Cette sanction radicale aurait dû s'appliquer à pas moins de 13% des sénateurs, 9% des conseillers généraux et même 25% des conseillers régionaux, 199 élus au total. Ils étaient censés remettre à la Commission une déclaration de patrimoine au début puis à la fin de leur mandat, dans un délai de deux mois.
Une obligation destinée à repérer les enrichissements douteux, et prise à la légère par une partie des intéressés. La Commission, qui réunit des magistrats de la Cour de cassation, de la Cour des comptes et du Conseil d'Etat, est lassée de devoir réclamer ces documents.

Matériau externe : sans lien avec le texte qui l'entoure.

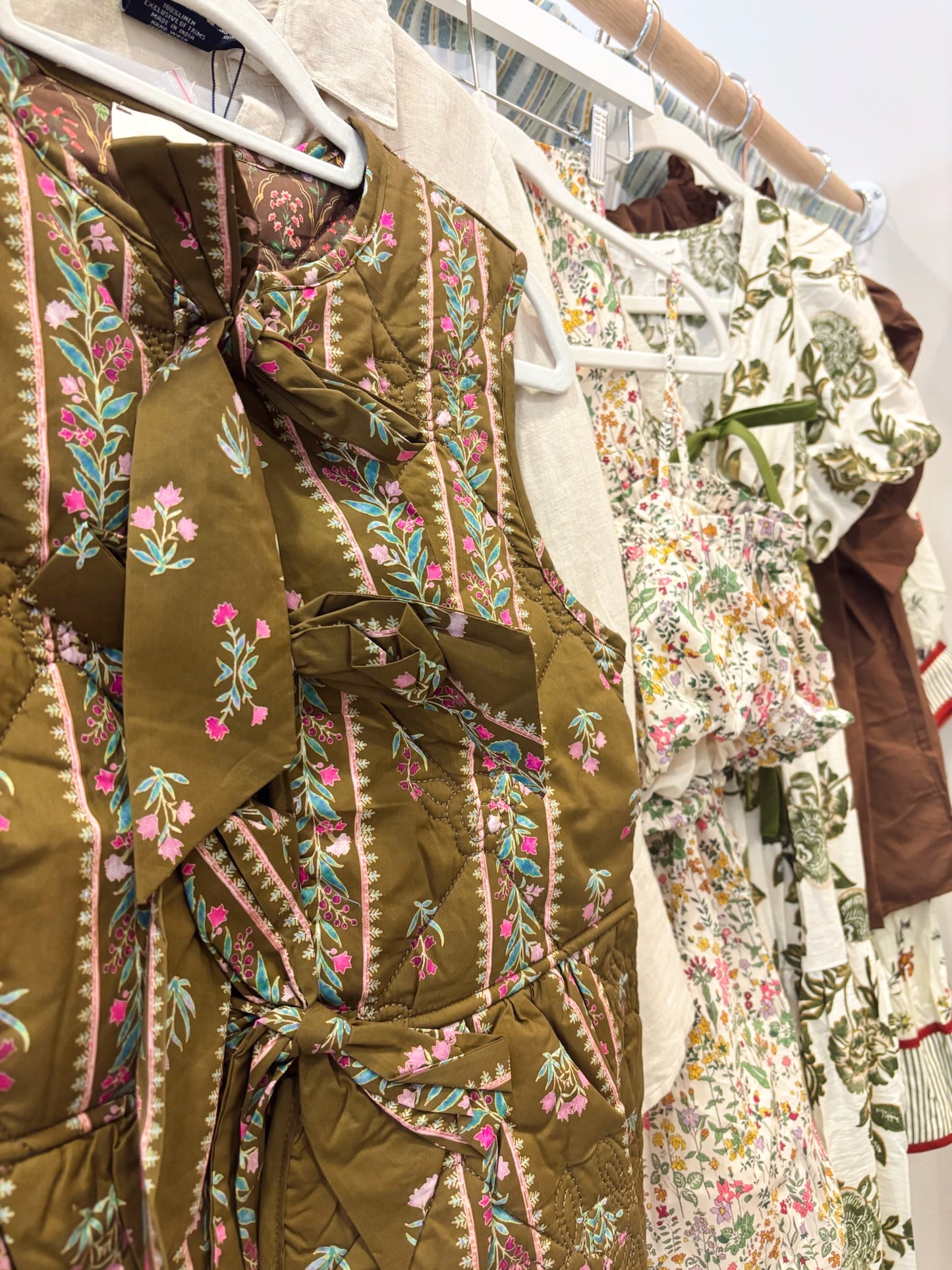 Quilted Tie Vest Entro
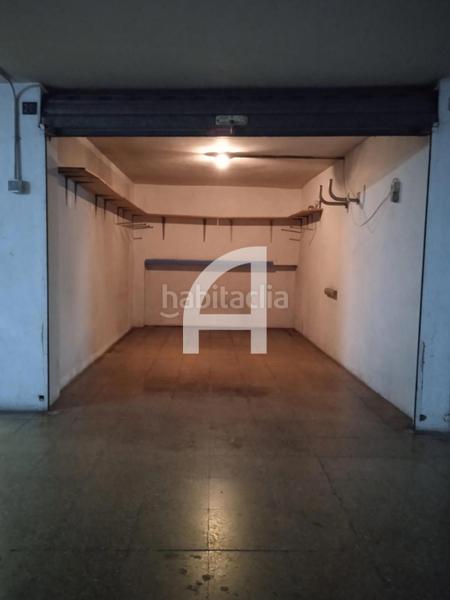 Foto 6cb6b2b2-c9c1-4474-a751-678120ab8a6d. Parking coche plaza de garaje cerrada en venta en Girona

Dans son dernier rapport, publié mercredi au Journal officiel, elle lance donc un avertissement : désormais, elle réclamera « systématiquement » l'application de la loi aux retardataires, c'est-à-dire leur inéligibilité, prévue depuis 1988, et une amende de 15 000 euros, prévue par une loi votée en 2011.
Le rapport, qui ne fournit aucun nom d'élu concerné, met en lumière d'autres pratiques douteuses... mais aussi les pouvoirs limités de la Commission. Celle-ci aimerait ainsi pouvoir se pencher sur les prêts dont bénéficient certains élus :
- des prêts de l'Assemblée nationale ou du Sénat : chacune des deux assemblées peut accorder des prêts à ses membres, mais la Commission se juge démunie pour vérifier « [leur] objet ou [leurs] conditions d'attribution » ;
- des prêts personnels : certaines déclarations de patrimoine font état de prêts sans intérêts et jamais remboursés, et qui, faute d'explications de la part des bénéficiaires, seraient « susceptibles dans certains cas de révéler des infractions pénales, telles que des abus de confiance, des abus de biens sociaux ou des recels ».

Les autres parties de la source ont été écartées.